The wx_data folder has files containing weather data records from 1-Jan-1985 to 31-Dec-2014. Each file corresponds to a particular weather station from Nebraska, Iowa, Illinois, Indiana, or Ohio.
Each line in the file contains 4 records separated by tabs:
- The date (YYYYMMDD format)
- The maximum temperature for that day (in tenths of a degree Celsius)
- The minimum temperature for that day (in tenths of a degree Celsius)
- The amount of precipitation for that day (in tenths of a millimeter)
Missing values are indicated by the value -9999.
The yld_data folder has a single file, US_corn_grain_yield.txt, containing a table of the total harvested corn grain yield in the United States measured in 1000s of megatons for the years 1985 - 2014.
Write a software program to calculate for each weather data file the number of days in which the maximum temperature and minimum temperature data are present but the precipitation data is missing. The program should create one line of output for each of the weather data files. Each line of output should have the filename (e.g. USC00339312.txt) and the number of days you have identified. Separate the columns by a tab. Write the output in ascending order by filename and store it in the file MissingPrcpData.out in the answers folder.
Write a software program to calculate the following values for every year for every station, ignoring missing data:
Average maximum temperature (in degrees Celsius)
Average minimum temperature (in degrees Celsius)
Total accumulated precipitation (in centimeters)
The program should create one line of output for each of the weather stations. Each line of output should have the following information separated by tabs: the filename, the year, the average maximum temperature to 2 decimal places, the average minimum temperature to 2 decimal places, and the total accumulated precipitation to 2 decimal places. If a value cannot be calculated assign a value of -9999.00 when writing your output. Store your results in the file YearlyAverages.out in the answers folder, sorted in ascending order by filename.
Write a software program that tabulates how often each year from 1985-2014 had the highest average maximum temperature, highest average minimum temperature, and highest total accumulated precipitation from the set of weather stations. Use the results of Problem 2 as input to your program. The resulting output should indicate how frequently a given year had the highest values for the 167 weather stations present in wx_data.
Output should be written to the file YearHistogram.out in the answers folder. The file should contain 4 columns: the year, the count of how many weather stations had that year as the highest annual average maximum temperature, a count of how many weather stations had that year as the highest annual average minimum temperature, and a count of how many weather stations had that year as the highest total annual precipitation. Separate each column by tabs and sort the output in ascending order by year. In addition, create a histogram of the output and save the result as YearHistogram.png.

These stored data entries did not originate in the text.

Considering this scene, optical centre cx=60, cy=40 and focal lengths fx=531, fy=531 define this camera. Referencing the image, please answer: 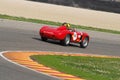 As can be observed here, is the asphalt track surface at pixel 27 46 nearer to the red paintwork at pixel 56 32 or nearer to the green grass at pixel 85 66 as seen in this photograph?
the red paintwork at pixel 56 32

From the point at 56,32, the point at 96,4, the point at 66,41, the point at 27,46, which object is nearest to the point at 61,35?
the point at 56,32

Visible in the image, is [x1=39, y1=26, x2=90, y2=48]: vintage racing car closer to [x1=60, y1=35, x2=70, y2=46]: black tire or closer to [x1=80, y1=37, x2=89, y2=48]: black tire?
[x1=60, y1=35, x2=70, y2=46]: black tire

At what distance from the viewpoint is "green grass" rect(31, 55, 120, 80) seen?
46.9ft

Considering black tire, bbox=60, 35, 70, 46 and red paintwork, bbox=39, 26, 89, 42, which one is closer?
red paintwork, bbox=39, 26, 89, 42

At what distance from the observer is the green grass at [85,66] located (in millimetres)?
14289

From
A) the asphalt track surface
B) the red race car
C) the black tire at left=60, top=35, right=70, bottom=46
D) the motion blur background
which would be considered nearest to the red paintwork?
the red race car

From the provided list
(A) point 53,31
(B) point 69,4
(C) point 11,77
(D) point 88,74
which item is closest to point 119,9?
(B) point 69,4

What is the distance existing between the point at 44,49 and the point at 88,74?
5.28 meters

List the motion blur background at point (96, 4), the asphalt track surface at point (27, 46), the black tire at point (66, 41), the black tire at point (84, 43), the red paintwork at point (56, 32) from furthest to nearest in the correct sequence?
1. the motion blur background at point (96, 4)
2. the black tire at point (84, 43)
3. the black tire at point (66, 41)
4. the red paintwork at point (56, 32)
5. the asphalt track surface at point (27, 46)

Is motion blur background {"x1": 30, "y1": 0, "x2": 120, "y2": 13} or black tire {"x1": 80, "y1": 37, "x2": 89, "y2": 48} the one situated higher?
black tire {"x1": 80, "y1": 37, "x2": 89, "y2": 48}

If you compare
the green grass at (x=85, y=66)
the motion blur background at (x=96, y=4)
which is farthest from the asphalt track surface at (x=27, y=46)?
the motion blur background at (x=96, y=4)

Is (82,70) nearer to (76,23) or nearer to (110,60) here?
(110,60)

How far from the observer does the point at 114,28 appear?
3691cm

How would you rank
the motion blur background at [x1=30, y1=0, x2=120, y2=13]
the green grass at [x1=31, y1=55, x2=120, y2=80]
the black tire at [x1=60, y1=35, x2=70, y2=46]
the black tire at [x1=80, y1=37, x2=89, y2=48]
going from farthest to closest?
the motion blur background at [x1=30, y1=0, x2=120, y2=13]
the black tire at [x1=80, y1=37, x2=89, y2=48]
the black tire at [x1=60, y1=35, x2=70, y2=46]
the green grass at [x1=31, y1=55, x2=120, y2=80] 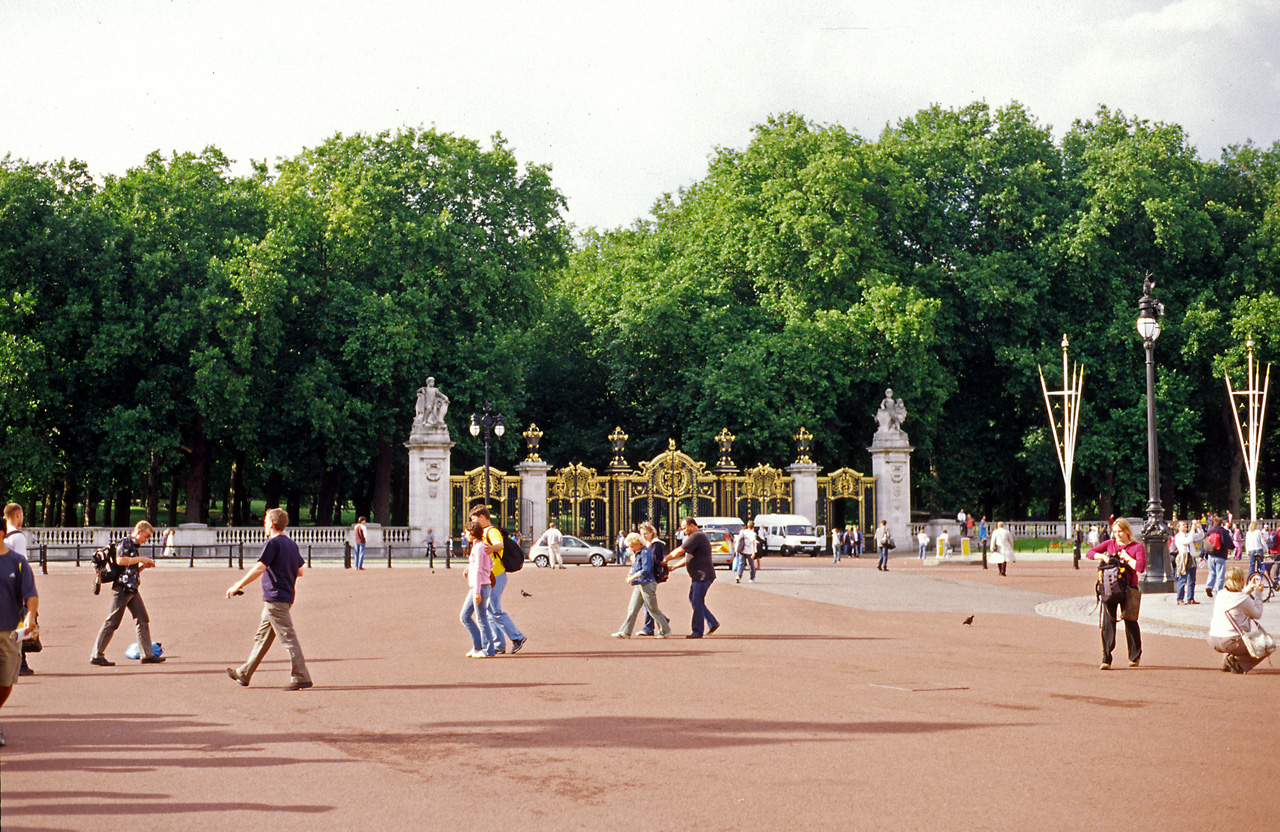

Use the annual average maximum temperature, annual average minimum temperature, and total annual precipitation results from Problem 2 and calculate the Pearson correlation between these variables and the grain yield data stored in US_corn_grain_yield.txt. Output the correlations for every station. Write your output to the file Correlations.out in the answers folder. The columns of the file should be separated by tabs and will contain the filename of the weather station (e.g. USC00339312.txt) and the three correlation values to 2 decimal places. Sort the output in ascending order by filename.